__WHAT IS EXPECTED__: All lines below starting at the one that holds "Henry y Nico" and ending at the one that holds "Usata Lancia Ypsilon" should be printed exactly, ends included. Pictures should not be printed, nor anything else.

__DATA FOR THE TASK__:
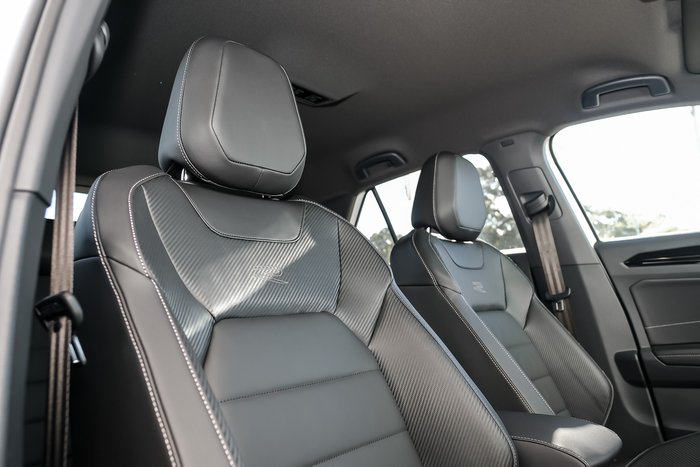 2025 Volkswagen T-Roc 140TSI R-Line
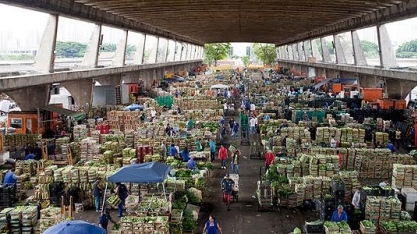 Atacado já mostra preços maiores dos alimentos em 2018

* * *

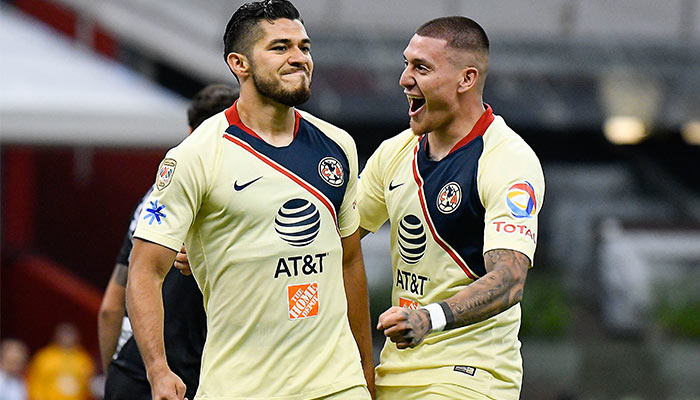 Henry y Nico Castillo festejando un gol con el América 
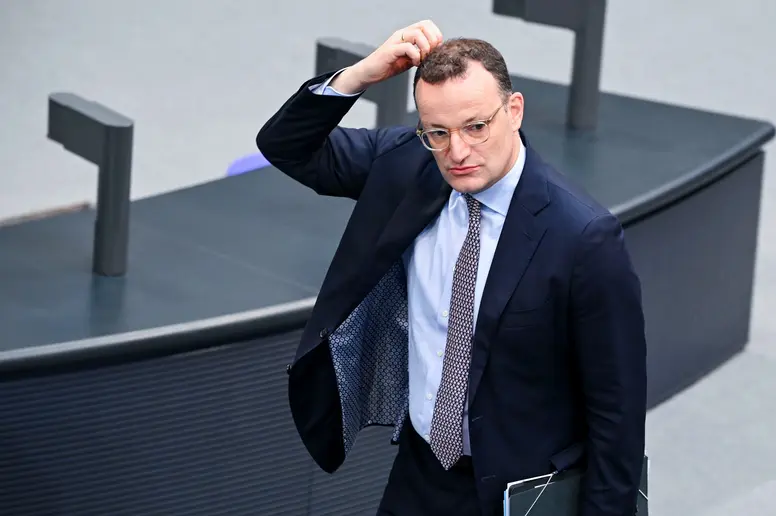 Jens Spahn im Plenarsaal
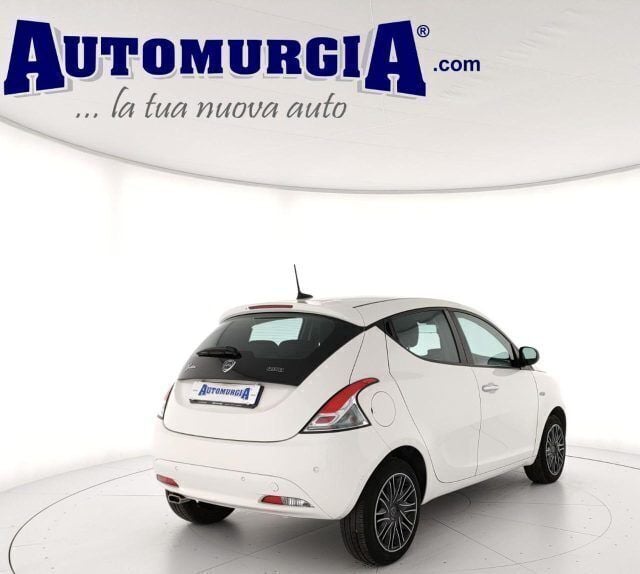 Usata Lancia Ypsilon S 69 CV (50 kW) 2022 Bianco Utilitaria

__YOUR SOLUTION__:
 Henry y Nico Castillo festejando un gol con el América 
 Jens Spahn im Plenarsaal
 Usata Lancia Ypsilon S 69 CV (50 kW) 2022 Bianco Utilitaria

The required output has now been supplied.